6. Le document saisi dans l'entreprise SECO (cotes 380-382)

29. L'Entreprise Industrielle a transmis en télécopie à l'entreprise Seco, le 27 février 1995, la copie de deux lettres envoyées par elle à la direction départementale de l'agriculture et contenant des propositions de prix présentées au maître d'œuvre pour la réalisation de prestations non prévues dans le bordereau des prix. Ces travaux de génie civil téléphonique ont été demandés, le 18 octobre 1994, à toutes les entreprises soumissionnaires en complément du marché initial. Le fax a été reçu par Seco la veille du jour où elle a répondu à cette nouvelle demande.

C. Les griefs notifiés

30. Sur la base des éléments présentés ci-dessus, les griefs suivants ont été notifiés :

- à la SA L'Entreprise Industrielle, à la SA Garczynski & Traploir (GT), à la SA Saunier Duval Electricité (SDEL) et à la SA ETDE pour avoir participé, avant la remise des offres, à une concertation en vue de réviser, à l'insu du maître d'œuvre, le bordereau unitaire des prix servant de base aux propositions des entreprises, qui, en raison des informations échangées, a eu pour objet et a pu avoir pour effet d'une part de réduire l'indépendance de leurs offres et d'autre part de tromper le maître d'œuvre sur les conditions réelles de la révision du bordereau des prix unitaire en vue du lancement de l'appel d'offres de 1994 pour les marchés d'électrification rurale et d'éclairage public du Morbihan.

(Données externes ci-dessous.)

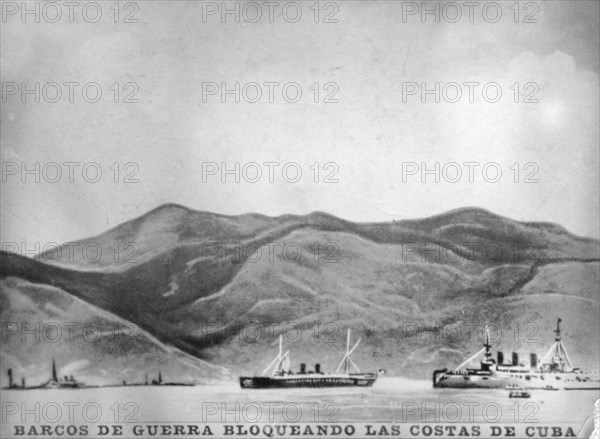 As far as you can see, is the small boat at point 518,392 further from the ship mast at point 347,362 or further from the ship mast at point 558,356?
the ship mast at point 347,362

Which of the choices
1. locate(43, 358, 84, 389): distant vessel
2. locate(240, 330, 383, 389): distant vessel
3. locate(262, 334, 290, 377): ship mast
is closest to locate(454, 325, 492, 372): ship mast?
locate(240, 330, 383, 389): distant vessel

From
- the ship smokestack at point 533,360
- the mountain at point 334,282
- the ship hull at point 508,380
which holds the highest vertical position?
the mountain at point 334,282

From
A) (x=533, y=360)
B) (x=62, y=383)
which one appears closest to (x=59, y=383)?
(x=62, y=383)

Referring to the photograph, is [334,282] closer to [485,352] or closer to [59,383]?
[485,352]

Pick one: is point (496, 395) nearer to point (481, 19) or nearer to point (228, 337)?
point (228, 337)

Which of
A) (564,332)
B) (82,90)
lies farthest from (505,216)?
(82,90)

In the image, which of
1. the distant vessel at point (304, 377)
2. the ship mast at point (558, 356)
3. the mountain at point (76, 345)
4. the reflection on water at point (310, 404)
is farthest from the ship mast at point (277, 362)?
the ship mast at point (558, 356)

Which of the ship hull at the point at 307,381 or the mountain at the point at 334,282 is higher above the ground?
the mountain at the point at 334,282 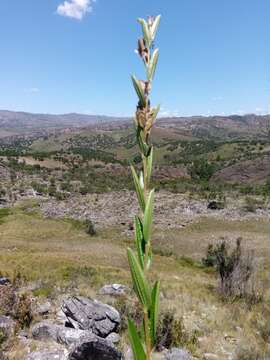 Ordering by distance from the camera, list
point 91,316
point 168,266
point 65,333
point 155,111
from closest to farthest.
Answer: point 155,111 < point 65,333 < point 91,316 < point 168,266

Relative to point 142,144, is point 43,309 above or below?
below

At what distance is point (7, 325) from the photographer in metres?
7.85

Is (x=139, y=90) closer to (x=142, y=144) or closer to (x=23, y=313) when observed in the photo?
(x=142, y=144)

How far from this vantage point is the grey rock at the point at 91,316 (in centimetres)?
858

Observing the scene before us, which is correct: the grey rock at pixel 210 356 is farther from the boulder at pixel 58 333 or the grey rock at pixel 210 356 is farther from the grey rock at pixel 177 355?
the boulder at pixel 58 333

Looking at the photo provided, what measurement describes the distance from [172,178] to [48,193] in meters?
28.1

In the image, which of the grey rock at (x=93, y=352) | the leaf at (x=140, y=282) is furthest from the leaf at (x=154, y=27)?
the grey rock at (x=93, y=352)

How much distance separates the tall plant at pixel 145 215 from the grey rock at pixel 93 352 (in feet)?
18.8

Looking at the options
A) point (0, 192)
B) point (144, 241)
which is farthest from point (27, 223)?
point (144, 241)

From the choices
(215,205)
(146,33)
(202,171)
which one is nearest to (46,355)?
(146,33)

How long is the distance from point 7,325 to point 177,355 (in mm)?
3506

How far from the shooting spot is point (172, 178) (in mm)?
72625

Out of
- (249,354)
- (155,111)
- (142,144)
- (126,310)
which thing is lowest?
(126,310)

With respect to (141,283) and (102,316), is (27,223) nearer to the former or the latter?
(102,316) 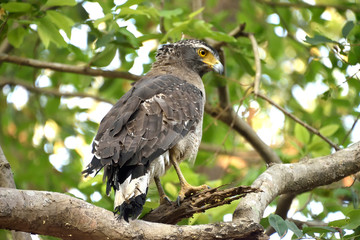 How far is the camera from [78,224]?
2850 millimetres

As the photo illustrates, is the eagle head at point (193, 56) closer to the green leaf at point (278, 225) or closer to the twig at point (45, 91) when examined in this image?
the twig at point (45, 91)

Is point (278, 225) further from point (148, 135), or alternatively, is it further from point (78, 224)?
point (78, 224)

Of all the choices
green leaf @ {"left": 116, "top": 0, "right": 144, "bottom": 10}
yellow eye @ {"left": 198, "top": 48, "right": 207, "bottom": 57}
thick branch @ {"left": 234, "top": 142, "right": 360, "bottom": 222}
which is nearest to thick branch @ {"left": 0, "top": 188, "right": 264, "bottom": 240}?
thick branch @ {"left": 234, "top": 142, "right": 360, "bottom": 222}

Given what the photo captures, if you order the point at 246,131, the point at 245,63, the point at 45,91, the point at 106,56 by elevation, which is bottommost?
the point at 45,91

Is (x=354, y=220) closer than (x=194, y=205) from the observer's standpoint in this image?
Yes

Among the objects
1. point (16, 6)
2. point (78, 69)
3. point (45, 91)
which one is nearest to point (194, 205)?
Result: point (16, 6)

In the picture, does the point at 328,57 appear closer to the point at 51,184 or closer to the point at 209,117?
the point at 209,117

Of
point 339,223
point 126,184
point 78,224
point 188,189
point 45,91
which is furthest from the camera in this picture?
point 45,91

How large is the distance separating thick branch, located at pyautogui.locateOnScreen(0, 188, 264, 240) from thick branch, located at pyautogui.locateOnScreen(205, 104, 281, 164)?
1.95 metres

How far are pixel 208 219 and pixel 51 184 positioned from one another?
2110mm

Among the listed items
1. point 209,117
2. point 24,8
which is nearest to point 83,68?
point 24,8

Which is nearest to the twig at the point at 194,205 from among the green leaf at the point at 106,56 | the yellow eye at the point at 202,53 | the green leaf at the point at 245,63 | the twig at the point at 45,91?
the green leaf at the point at 106,56

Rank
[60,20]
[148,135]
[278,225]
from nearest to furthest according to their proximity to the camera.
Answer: [278,225] → [148,135] → [60,20]

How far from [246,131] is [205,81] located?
0.73 metres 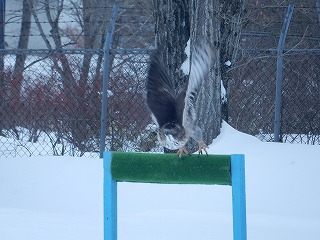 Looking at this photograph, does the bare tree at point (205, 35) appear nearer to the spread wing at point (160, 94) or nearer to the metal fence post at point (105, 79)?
the metal fence post at point (105, 79)

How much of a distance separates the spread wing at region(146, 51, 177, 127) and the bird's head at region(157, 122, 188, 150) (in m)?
0.09

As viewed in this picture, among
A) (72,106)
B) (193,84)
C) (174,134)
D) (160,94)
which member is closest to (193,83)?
(193,84)

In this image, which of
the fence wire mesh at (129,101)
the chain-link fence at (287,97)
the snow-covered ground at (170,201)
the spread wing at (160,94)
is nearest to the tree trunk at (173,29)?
the fence wire mesh at (129,101)

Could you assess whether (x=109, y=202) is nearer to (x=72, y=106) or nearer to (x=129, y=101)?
(x=129, y=101)

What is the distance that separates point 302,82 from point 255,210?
2.38 m

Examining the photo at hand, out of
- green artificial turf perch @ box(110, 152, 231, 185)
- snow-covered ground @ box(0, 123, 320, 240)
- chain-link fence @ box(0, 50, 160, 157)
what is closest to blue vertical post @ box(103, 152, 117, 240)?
green artificial turf perch @ box(110, 152, 231, 185)

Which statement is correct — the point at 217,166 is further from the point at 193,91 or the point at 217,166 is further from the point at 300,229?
the point at 300,229

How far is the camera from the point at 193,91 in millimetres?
4598

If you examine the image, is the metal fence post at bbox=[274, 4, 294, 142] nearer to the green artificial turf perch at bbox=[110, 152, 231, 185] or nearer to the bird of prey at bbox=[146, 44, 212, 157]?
the bird of prey at bbox=[146, 44, 212, 157]

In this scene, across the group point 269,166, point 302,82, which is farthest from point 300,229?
point 302,82

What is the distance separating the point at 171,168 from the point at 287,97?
3.79 meters

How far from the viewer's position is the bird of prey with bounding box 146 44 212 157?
4699 mm

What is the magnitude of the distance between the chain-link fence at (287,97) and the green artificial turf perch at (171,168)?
3.53 metres

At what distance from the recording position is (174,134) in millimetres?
4738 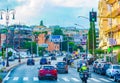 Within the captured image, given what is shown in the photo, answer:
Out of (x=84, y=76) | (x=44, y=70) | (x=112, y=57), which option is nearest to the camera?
(x=84, y=76)

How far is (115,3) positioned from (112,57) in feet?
55.6

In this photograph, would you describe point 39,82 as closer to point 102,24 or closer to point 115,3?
point 115,3

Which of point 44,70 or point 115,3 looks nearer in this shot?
point 44,70

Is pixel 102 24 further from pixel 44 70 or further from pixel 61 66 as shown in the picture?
pixel 44 70

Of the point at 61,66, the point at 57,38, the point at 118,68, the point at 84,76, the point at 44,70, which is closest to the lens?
the point at 84,76

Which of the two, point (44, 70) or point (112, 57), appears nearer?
point (44, 70)

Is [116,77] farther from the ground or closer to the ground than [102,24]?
closer to the ground

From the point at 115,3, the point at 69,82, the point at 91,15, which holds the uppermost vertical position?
the point at 115,3

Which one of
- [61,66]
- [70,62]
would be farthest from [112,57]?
[61,66]

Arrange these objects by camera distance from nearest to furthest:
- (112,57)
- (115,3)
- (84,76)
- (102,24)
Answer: (84,76), (112,57), (115,3), (102,24)

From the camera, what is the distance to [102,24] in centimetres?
12025

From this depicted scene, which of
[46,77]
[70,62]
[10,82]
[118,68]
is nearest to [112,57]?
[70,62]

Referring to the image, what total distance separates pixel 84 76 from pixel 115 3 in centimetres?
5914

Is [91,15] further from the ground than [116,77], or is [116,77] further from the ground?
[91,15] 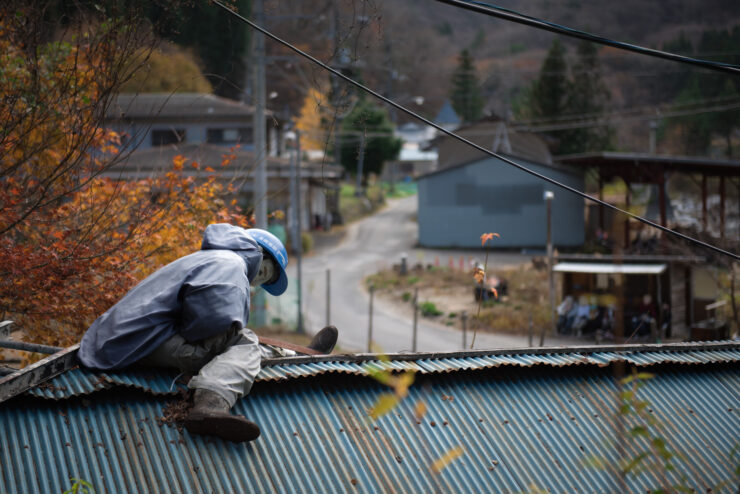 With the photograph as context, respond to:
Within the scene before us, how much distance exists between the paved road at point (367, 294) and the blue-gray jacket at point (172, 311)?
6724mm

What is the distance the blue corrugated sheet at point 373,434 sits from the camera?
4.48 m

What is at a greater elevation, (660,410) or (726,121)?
(726,121)

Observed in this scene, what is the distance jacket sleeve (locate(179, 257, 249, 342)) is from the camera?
479cm

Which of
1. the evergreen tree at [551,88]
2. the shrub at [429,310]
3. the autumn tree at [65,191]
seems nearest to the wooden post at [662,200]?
the shrub at [429,310]

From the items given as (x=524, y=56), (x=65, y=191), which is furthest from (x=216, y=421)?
(x=524, y=56)

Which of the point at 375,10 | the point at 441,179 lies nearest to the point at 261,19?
the point at 375,10

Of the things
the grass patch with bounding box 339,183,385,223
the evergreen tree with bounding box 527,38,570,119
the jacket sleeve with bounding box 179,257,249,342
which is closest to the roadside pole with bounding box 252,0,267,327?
the jacket sleeve with bounding box 179,257,249,342

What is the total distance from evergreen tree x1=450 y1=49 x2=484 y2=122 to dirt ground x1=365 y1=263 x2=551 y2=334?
1354 inches

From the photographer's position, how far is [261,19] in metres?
18.0

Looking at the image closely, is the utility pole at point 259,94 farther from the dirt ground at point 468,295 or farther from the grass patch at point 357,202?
the grass patch at point 357,202

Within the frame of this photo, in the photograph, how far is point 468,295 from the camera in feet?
102

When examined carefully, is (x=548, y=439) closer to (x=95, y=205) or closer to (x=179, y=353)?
(x=179, y=353)

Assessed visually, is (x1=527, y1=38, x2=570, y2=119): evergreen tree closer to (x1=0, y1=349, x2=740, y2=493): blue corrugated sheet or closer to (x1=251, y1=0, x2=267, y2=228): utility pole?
(x1=251, y1=0, x2=267, y2=228): utility pole

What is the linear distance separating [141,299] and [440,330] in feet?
72.7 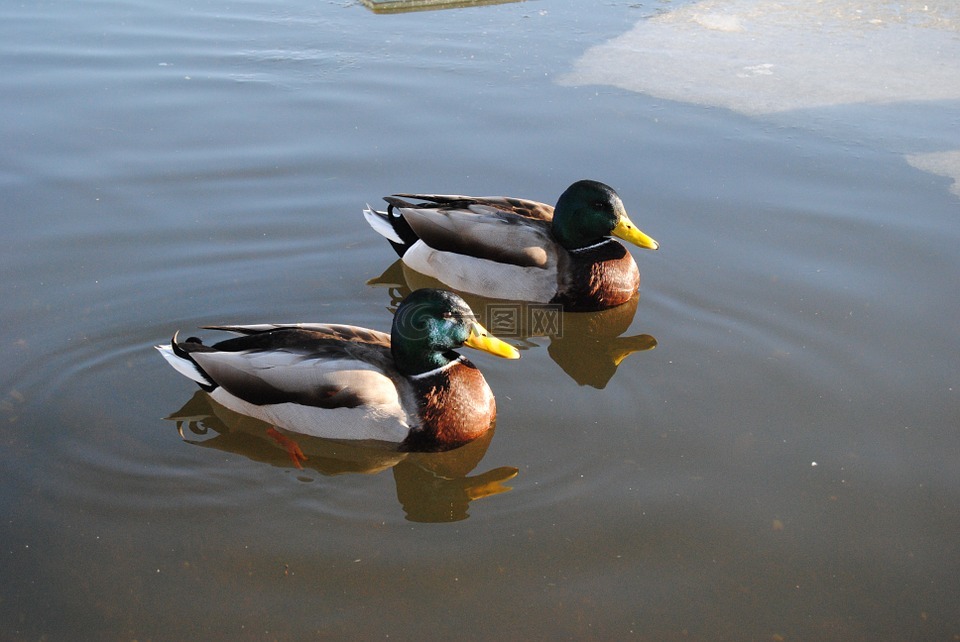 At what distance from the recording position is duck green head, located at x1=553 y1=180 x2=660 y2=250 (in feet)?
19.1

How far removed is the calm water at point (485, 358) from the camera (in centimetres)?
362

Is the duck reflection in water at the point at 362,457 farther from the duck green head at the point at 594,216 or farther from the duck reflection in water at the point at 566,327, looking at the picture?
the duck green head at the point at 594,216

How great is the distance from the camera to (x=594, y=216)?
5867 mm

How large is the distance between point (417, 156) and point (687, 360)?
2815 mm

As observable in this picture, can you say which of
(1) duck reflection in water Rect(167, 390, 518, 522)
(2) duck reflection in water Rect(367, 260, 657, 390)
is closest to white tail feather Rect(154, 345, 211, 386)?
(1) duck reflection in water Rect(167, 390, 518, 522)

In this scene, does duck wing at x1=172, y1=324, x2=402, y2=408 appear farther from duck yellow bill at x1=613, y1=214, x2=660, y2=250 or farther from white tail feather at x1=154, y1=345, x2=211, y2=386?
duck yellow bill at x1=613, y1=214, x2=660, y2=250

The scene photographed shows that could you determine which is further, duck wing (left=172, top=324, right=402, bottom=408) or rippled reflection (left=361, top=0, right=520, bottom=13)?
rippled reflection (left=361, top=0, right=520, bottom=13)

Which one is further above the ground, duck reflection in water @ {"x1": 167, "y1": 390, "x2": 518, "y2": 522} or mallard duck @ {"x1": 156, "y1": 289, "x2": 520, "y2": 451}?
mallard duck @ {"x1": 156, "y1": 289, "x2": 520, "y2": 451}

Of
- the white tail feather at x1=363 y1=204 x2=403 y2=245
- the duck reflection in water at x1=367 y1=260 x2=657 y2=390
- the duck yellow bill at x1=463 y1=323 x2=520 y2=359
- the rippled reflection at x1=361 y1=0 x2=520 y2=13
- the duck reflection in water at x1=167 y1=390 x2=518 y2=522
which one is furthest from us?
the rippled reflection at x1=361 y1=0 x2=520 y2=13

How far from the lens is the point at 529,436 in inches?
179

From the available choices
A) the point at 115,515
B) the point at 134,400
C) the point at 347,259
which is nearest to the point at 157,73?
the point at 347,259

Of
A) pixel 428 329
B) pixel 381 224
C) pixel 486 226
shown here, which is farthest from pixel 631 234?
pixel 428 329

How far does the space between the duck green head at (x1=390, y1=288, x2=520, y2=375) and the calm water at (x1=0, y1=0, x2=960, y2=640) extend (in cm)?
43

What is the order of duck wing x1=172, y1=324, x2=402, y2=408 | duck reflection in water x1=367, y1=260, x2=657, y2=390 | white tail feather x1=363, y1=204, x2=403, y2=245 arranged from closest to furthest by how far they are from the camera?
duck wing x1=172, y1=324, x2=402, y2=408 → duck reflection in water x1=367, y1=260, x2=657, y2=390 → white tail feather x1=363, y1=204, x2=403, y2=245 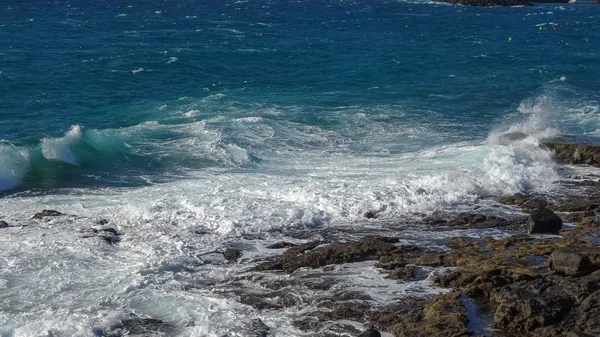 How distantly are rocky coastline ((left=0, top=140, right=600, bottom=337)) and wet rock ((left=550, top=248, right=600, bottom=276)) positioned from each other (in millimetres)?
17

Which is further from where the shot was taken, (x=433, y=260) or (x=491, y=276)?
(x=433, y=260)

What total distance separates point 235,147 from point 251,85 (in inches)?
414

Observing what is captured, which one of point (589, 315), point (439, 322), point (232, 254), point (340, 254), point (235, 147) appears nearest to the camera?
point (589, 315)

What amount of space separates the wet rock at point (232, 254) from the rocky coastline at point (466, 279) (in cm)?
2

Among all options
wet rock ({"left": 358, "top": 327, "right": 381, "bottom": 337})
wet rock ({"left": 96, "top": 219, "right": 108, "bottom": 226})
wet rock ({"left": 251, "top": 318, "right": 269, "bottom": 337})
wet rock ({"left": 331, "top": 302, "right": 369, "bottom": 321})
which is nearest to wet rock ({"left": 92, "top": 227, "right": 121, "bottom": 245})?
wet rock ({"left": 96, "top": 219, "right": 108, "bottom": 226})

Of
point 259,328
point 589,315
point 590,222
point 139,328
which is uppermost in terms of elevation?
point 589,315

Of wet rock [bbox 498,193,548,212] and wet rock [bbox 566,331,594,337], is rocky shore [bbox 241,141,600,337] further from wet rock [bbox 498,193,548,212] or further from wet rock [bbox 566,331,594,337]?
wet rock [bbox 498,193,548,212]

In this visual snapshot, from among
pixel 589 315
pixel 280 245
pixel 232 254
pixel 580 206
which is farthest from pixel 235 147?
pixel 589 315

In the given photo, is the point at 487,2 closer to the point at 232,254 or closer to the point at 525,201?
the point at 525,201

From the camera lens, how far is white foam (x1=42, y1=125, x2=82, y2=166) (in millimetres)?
24859

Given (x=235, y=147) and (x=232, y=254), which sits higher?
(x=232, y=254)

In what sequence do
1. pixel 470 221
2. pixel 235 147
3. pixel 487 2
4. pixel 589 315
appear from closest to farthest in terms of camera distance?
pixel 589 315, pixel 470 221, pixel 235 147, pixel 487 2

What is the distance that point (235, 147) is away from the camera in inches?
1022

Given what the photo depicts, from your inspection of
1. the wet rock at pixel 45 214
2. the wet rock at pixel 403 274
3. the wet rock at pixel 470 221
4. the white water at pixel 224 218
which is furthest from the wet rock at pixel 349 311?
the wet rock at pixel 45 214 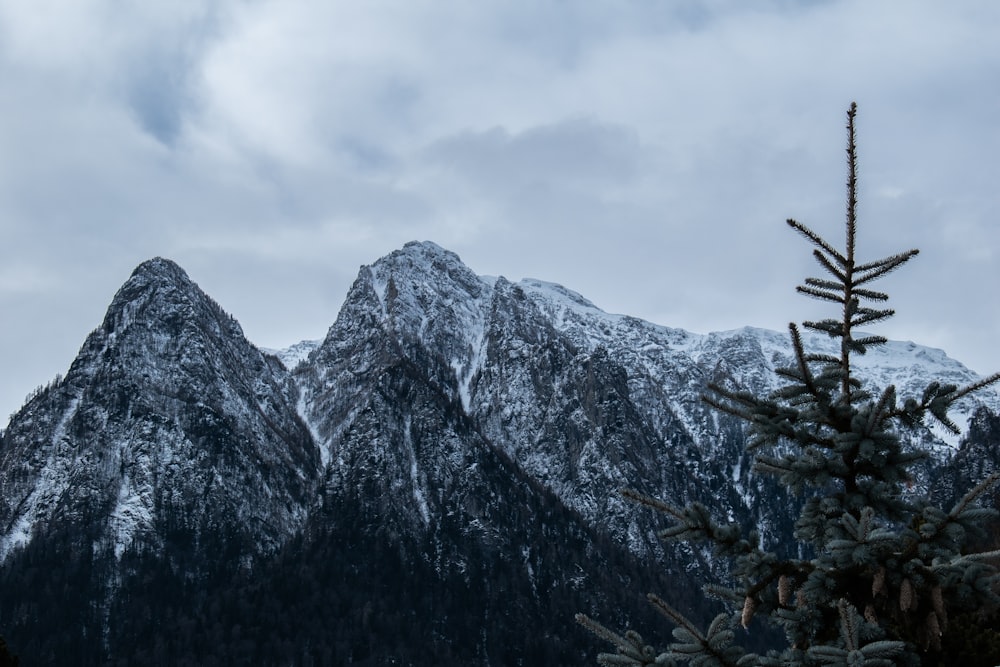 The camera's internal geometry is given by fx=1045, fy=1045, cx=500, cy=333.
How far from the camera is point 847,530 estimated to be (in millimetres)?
12945

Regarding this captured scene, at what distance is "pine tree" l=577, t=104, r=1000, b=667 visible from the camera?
1235cm

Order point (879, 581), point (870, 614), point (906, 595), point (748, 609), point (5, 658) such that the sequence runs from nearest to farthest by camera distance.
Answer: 1. point (906, 595)
2. point (879, 581)
3. point (870, 614)
4. point (748, 609)
5. point (5, 658)

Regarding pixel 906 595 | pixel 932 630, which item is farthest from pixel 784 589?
pixel 932 630

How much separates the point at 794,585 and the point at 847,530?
1.12 metres

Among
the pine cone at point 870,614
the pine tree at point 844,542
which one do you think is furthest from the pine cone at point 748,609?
the pine cone at point 870,614

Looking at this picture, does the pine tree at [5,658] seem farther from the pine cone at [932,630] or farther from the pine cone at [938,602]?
the pine cone at [938,602]

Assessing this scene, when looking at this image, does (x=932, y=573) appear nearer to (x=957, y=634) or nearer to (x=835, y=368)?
(x=835, y=368)

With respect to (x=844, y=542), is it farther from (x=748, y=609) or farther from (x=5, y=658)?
(x=5, y=658)

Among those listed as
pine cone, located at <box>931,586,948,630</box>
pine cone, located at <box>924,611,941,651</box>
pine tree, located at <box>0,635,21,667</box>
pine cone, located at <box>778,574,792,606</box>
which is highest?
pine tree, located at <box>0,635,21,667</box>

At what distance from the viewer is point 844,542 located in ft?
40.7

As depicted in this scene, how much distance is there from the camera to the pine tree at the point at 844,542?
12352 mm

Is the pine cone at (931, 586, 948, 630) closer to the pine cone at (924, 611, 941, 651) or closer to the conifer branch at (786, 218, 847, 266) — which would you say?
the pine cone at (924, 611, 941, 651)

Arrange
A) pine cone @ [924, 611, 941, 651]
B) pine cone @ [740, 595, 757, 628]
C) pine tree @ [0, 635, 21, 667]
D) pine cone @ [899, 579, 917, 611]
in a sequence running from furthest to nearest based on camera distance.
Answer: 1. pine tree @ [0, 635, 21, 667]
2. pine cone @ [740, 595, 757, 628]
3. pine cone @ [924, 611, 941, 651]
4. pine cone @ [899, 579, 917, 611]

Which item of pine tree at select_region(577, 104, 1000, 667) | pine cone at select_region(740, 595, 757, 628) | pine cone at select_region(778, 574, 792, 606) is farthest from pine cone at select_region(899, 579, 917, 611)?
pine cone at select_region(740, 595, 757, 628) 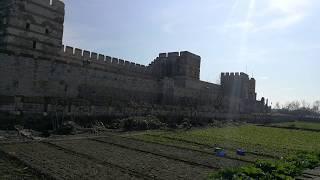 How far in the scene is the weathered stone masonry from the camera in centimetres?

- aux sociétés SA l'Entreprise Industrielle, SA Garczynski & Traploir (GT), SA Saunier Duval Electricité (SDEL), SA ETDE, SA Seco et SA Sturno d'avoir mis en œuvre, préalablement au dépôt de leurs propositions, une concertation qui a eu pour objet et pour effet de coordonner leurs offres en vue de maintenir le partage de trente de ces marchés au bénéfice des titulaires antérieurs et d'empêcher l'émergence d'offres compétitives susceptibles de mettre en cause la répartition générale des marchés ainsi obtenue.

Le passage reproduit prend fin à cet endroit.